California corporations now have a mechanism to retroactively remedy defective corporate actions, after lawmakers approved new procedures to allow corporations to petition the superior court to ratify corporate acts not in compliance (or purportedly not in compliance).

The new legislation, similar to Delaware’s Section 204 of the Delaware General Corporation Law (DGCL) enacted in 2014, allows corporations to correct mistakes that could have severe legal and financial consequences for a corporation and its shareholders.

A corporation seeking to ratify a corporate act deemed voidable or void must first get approval from the board of directors and then promptly notify shareholders.

If the corporate action to be ratified relates to the election of the initial directors, a majority of the corporation’s existing directors must approve of the ratification by adopting resolutions that set forth the name of initial directors, the date they were elected, and a statement that the ratification is approved.

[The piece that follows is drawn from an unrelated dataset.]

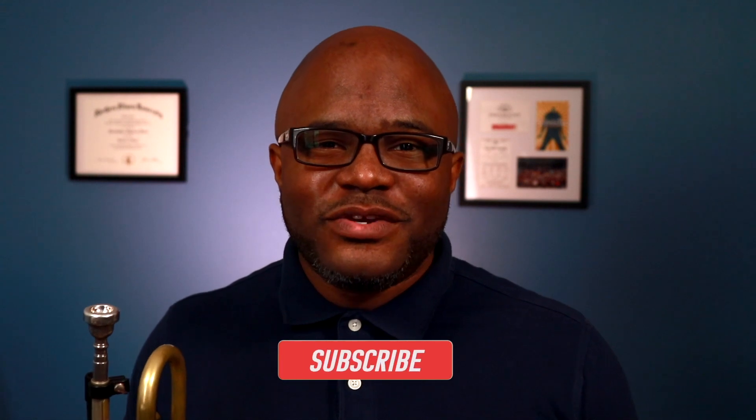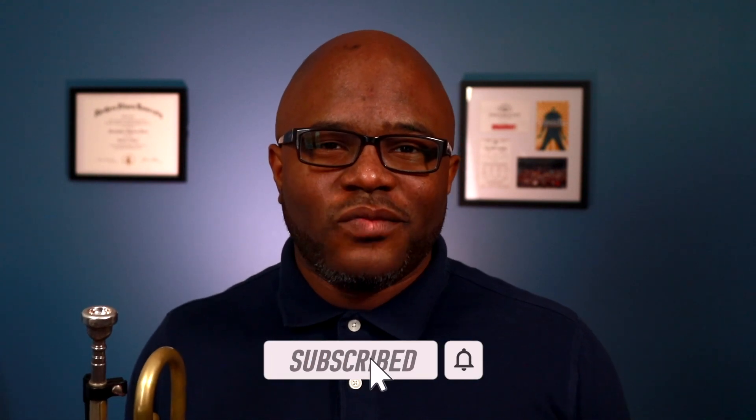Hi, my name is Chris Davis and this is a channel that I call Trumpet Lessons HQ, where I give you tips, encouragement, and demonstrations so that you can become a better trumpet player. If that sounds good to you, go ahead and press the subscribe button right now.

No corporate action may be ratified by a dissolved or foreign corporation, according to the new legislation.

The new state law is one of more than 200 sections of the state’s Corporations Code and related codes enacted or amended during the 2022 legislative session. Other changes include continued authorization of remote shareholder meetings, changes to laws regarding conversion, and new restrictions on franchise agreements. 

The changes are captured in the 2023 Edition of “California Laws Governing Business Entities Annotated,” releasing this month from CSC Legal Publications® in collaboration with LexisNexis®.

The 2023 edition includes a Table of Sections Affected listing all legislative changes, as well as Blackline Amendment Notes that indicate exactly how the laws have changed. Legislative Analysis summarizes the most important changes to the law.

More than three dozen new case notes from state and federal courts interpreting the law have been included in this edition, as well as five full-text cases discussing the latest legal developments regarding alter ego doctrine, inspection of documents, derivative suits, buy-out proceedings, and dissolution of an LLC. New cases are listed in the Table of New Annotations and marked with gray bars in the body of the book.

Readers also get online access to more than 190 state and county forms for incorporation and formation, qualification, mergers, dissolution, and name reservation for all business entity types via the LexisNexis Bookstore download center. A list of forms and contact information for the California Secretary of State are included in the book’s appendix.

There’s also an up-to-date California Fee Schedule showing required fees for business filings with the secretary of state.

“California Laws Governing Business Entities Annotated” is available as a softbound book or as an eBook, compatible with dedicated eReader devices, computers, tablets, and smartphones that use eReader software or applications. It’s also available on the LexisNexis Digital Library.